AERA also hosts the annual Brown Lecture in Education Research which highlights the role of research in advancing equality in education. The first Brown Lecture was held in 2004 to commemorate the 50th anniversary of the Brown v. Board of Education decision.

== Education research and policy ==
AERA participates in the open access movement. AERA currently offers Educational Researcher (journal) open access, as well as an Online Paper Repository and i-Presentation Gallery containing presentations from the 2010 Annual Meeting forward. An open access, peer-reviewed journal, AERA Open, launched in 2014.

On the policy front, AERA is involved in revisions to the common rule. Executive Director Felice J. Levine served on the National Research Council committee charged with reviewing proposed regulations. The committee published its report in early 2014.

AERA had helped to lead the social science research community to increase federal funding for education research, particularly research in the social and behavioral sciences.

AERA selects and appoints scholars as AERA Fellows in a process based on peer nominations. This is an effort to convene researchers who are recognized for their contributions and contribute to the advancement of educational research.

In addition, AERA was active in the reauthorization of the Institute of Education Sciences bill, Strengthening Education through Research Act, which was advanced by the United States House Committee on Education and the Workforce in April 2014.

== Education research initiatives ==
AERA is involved in several education research initiatives, ranging from specific advocacy topics to supporting projects that serve the larger community. AERA supports the Education Research Conferences Program, which awards grants for conferences on selected research topics. AERA's Education Research Service Projects is designed to encourage researchers to offer their expertise to organizations and groups who may have a need but not the funds to engage their assistance.
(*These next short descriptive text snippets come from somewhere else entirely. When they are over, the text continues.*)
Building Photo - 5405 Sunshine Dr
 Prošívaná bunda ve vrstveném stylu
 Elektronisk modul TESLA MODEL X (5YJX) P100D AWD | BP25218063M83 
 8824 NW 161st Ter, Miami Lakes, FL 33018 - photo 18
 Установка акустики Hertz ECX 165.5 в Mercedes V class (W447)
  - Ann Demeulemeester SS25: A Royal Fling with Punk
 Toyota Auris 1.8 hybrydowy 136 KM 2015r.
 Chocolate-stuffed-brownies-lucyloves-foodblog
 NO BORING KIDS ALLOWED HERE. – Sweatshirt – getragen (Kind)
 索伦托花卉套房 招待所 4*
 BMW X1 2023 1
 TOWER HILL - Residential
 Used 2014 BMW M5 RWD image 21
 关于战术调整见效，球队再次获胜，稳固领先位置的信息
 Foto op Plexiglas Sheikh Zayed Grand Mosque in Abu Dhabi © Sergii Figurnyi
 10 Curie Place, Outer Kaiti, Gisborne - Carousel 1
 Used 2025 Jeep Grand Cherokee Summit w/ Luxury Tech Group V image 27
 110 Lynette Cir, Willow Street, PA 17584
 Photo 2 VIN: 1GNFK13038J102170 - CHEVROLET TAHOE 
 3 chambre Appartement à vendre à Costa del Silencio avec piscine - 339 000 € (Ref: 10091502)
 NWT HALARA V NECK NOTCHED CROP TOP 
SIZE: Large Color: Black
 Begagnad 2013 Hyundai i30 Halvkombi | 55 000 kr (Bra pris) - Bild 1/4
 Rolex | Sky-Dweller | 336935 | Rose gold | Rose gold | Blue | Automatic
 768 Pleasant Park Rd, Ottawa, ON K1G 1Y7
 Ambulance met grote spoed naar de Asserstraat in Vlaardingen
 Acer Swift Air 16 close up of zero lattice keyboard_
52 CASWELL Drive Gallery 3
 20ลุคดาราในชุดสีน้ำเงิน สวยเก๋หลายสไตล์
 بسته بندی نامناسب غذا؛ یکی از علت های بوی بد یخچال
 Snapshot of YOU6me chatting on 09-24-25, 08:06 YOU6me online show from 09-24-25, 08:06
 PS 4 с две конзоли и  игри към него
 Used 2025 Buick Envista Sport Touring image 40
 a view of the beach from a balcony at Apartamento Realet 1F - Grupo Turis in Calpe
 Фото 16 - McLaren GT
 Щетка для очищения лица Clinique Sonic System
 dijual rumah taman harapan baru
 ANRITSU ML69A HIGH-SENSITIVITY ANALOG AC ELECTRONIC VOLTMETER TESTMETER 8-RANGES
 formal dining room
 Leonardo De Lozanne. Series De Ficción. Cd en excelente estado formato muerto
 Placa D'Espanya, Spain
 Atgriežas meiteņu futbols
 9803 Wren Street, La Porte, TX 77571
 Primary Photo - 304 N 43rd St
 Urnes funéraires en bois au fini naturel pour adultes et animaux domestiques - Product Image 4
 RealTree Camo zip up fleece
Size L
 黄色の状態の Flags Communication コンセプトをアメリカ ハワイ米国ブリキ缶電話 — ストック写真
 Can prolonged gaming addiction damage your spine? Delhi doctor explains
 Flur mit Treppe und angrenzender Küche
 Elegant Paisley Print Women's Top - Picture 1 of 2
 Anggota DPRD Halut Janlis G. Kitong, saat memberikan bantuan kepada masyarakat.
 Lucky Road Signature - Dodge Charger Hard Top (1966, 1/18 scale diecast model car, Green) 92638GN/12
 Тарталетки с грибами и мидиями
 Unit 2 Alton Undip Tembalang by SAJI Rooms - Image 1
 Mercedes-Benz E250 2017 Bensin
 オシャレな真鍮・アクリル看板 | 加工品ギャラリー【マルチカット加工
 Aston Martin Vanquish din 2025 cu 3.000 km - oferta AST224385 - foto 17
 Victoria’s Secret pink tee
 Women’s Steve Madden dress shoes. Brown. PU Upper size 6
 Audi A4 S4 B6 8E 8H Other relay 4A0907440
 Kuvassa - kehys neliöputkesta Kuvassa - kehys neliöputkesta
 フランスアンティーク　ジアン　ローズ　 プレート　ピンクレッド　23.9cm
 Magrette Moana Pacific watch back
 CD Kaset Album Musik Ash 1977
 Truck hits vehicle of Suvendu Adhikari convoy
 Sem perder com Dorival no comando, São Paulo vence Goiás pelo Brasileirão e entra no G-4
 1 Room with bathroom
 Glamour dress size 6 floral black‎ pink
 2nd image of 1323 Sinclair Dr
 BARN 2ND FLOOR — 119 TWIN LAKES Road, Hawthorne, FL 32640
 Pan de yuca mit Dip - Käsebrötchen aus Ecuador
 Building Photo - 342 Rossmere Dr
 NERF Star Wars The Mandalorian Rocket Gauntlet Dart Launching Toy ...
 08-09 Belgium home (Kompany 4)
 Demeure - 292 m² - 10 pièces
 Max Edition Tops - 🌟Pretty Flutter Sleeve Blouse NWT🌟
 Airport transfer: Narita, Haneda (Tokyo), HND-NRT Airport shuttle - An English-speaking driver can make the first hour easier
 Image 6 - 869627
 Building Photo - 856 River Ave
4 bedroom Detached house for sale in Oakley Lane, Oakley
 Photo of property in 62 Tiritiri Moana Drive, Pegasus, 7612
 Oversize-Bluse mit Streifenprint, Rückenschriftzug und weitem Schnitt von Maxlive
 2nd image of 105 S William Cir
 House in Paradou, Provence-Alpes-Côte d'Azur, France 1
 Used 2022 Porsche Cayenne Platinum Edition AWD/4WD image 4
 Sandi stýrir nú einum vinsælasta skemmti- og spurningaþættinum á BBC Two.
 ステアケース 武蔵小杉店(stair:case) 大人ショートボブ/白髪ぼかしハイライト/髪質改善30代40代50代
==Affirmative action court cases==
AERA participated in several U.S. court cases related to affirmative action by submitting amicus curiae briefs. One example is in 2013, AERA had submitted an amicus brief in Fisher v. University of Texas addressing the use of education research in evaluating race-conscious admissions policies. The association submitted a further amicus brief on affirmative action in December 2015.

In 2022, AERA submitted an amicus brief to the U.S. Supreme Court in the cases of Students for Fair Admissions, Inc., v. President & Fellows of Harvard College, and Students for Fair Admissions, Inc., v. University of North Carolina, et al. supporting the consideration of race in admissions policies.